$GALAXY_SLOTS equals to 1

Hello!

I was advised to use $GALAXY_SLOTS variable in order to obtain number of processor cores. Workflow automation? - #2 by mvdbeek But when i print this variable in the tools, i get exactly one despite i have 16 - 48 logical processors.

Why it is not set automatically? E. g why not add

 elif [ `nproc` > 0 ]; then 
     GALAXY_SLOTS=`nproc`

into /data/galaxy/lib/galaxy/jobs/runners/util/job_script/CLUSTER_SLOTS_STATEMENT.sh ?

We assume and highly recommend that jobs submitted by Galaxy are run on a HPC system with a job scheduler (like SLURM, PBS, Torque, LSF) or kubernetes. You then configure the destinations in the job_conf.xml file to request the required resources, and you assign tools to the destination. If you don’t have this available you can use local_slots as you found out, but you still need to map tools to destinations.

Note that this is not recommended, as there is no way for Galaxy to know what resources are available, so you will start consuming more resources than are available if you queue up many jobs.

Connecting Galaxy to a compute cluster walks through installing slurm using ansible on the head node … while that’s still not ideal it is better than using the local job runner.

3 Likes

Is it necessary to use ansible to install? I never used ansible so i think it will take quite a while for me to learn it.
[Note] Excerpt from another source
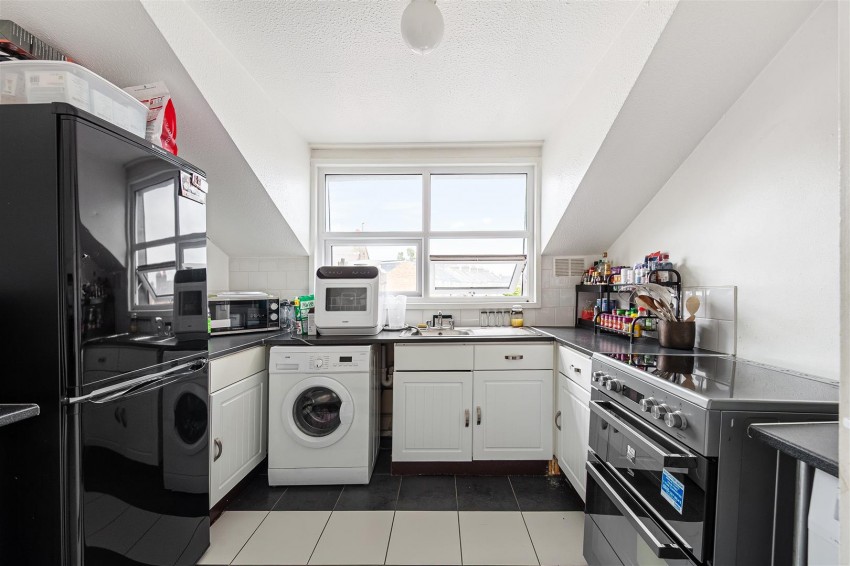 Images for Yeoman Close, London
I installed slurm without ansible, and it works, but i see GALAXY_SLOTS=2 despite i have 32 logical processors, so each of the tasks uses no more than 2 cores (as e. g. htop shows). Is it possible to assign more cores to the tasks (and maybe even different amount of cores to different tasks)?

transgen@transgen-3:~/galaxy/database/jobs_directory/000/761$ cat /etc/slurm-llnl/slurm.conf
# slurm.conf file generated by configurator easy.html.
# Put this file on all nodes of your cluster.
# See the slurm.conf man page for more information.
#
SlurmctldHost=localhost
#
#MailProg=/bin/mail
MpiDefault=none
#MpiParams=ports=#-#
ProctrackType=proctrack/cgroup
ReturnToService=1
SlurmctldPidFile=/var/run/slurmctld.pid
#SlurmctldPort=6817
SlurmdPidFile=/var/run/slurmd.pid
#SlurmdPort=6818
SlurmdSpoolDir=/var/spool/slurmd
SlurmUser=slurm
#SlurmdUser=root
StateSaveLocation=/var/spool/slurm.state
SwitchType=switch/none
TaskPlugin=task/cgroup
#
#
# TIMERS
#KillWait=30
#MinJobAge=300
#SlurmctldTimeout=120
#SlurmdTimeout=300
#
#
# SCHEDULING
SchedulerType=sched/backfill
SelectType=select/cons_res
SelectTypeParameters=CR_Core
#
#
# LOGGING AND ACCOUNTING
AccountingStorageType=accounting_storage/none
ClusterName=cluster
#JobAcctGatherFrequency=30
JobAcctGatherType=jobacct_gather/linux
# JobAcctGatherType=jobacct_gather/cgroup
#SlurmctldDebug=info
#SlurmctldLogFile=
#SlurmdDebug=info
#SlurmdLogFile=
#
#
# COMPUTE NODES
NodeName=transgen-3 NodeAddr=localhost CPUs=32 Sockets=2 CoresPerSocket=8 ThreadsPerCore=2 RealMemory=64306 State=UNKNOWN
PartitionName=transgen-3-partition Nodes=transgen-3 Default=YES MaxTime=INFINITE State=UP

transgen@transgen-3:~/galaxy/database/jobs_directory/000/761$ cat /etc/slurm-llnl/cgroup.conf
###
# Slurm cgroup support configuration file.
###
CgroupAutomount=yes
CgroupMountpoint=/sys/fs/cgroup
ConstrainCores=yes
ConstrainDevices=yes
ConstrainKmemSpace=no        #avoid known Kernel issues
ConstrainRAMSpace=yes
ConstrainSwapSpace=yes
TaskAffinity=no              #use task/affinity plugin instead

transgen@transgen-3:~/galaxy/database/jobs_directory/000/761$ cat ~/galaxy/config/job_conf.xml
<?xml version="1.0"?>
<!-- A sample job config that explicitly configures job running the way it is
     configured by default (if there is no explicit config). -->
<job_conf>
    <plugins>
        <!--plugin id="pulsar" type="runner" load="galaxy.jobs.runners.pulsar:PulsarRESTJobRunner"/-->
        <plugin id="slurm" type="runner" load="galaxy.jobs.runners.slurm:SlurmJobRunner"/>
        <!-- plugin id="local" type="runner" load="galaxy.jobs.runners.local:LocalJobRunner" workers="4"/-->
    </plugins>
    <destinations>
	    <!-- destination id="local" runner="local"/-->
        <destination id="slurm" runner="slurm">
        </destination>
        <!--destination id="remote_cluster" runner="pulsar">
            <param id="url">http://localhost:8913/</param>
            <param id="submit_native_specification">-P bignodes -R y -pe threads 16</param>
            < ! - - Look for trinity package at remote location - define tool_dependency_dir
            in the Pulsar app.yml file.
             - - >
            <param id="dependency_resolution">remote</param>
        </destination-->
    </destinations>
</job_conf>

(and also on another machine slurm does not work and says drained Low RealMemory, but i think it is slightly outside of the scope…)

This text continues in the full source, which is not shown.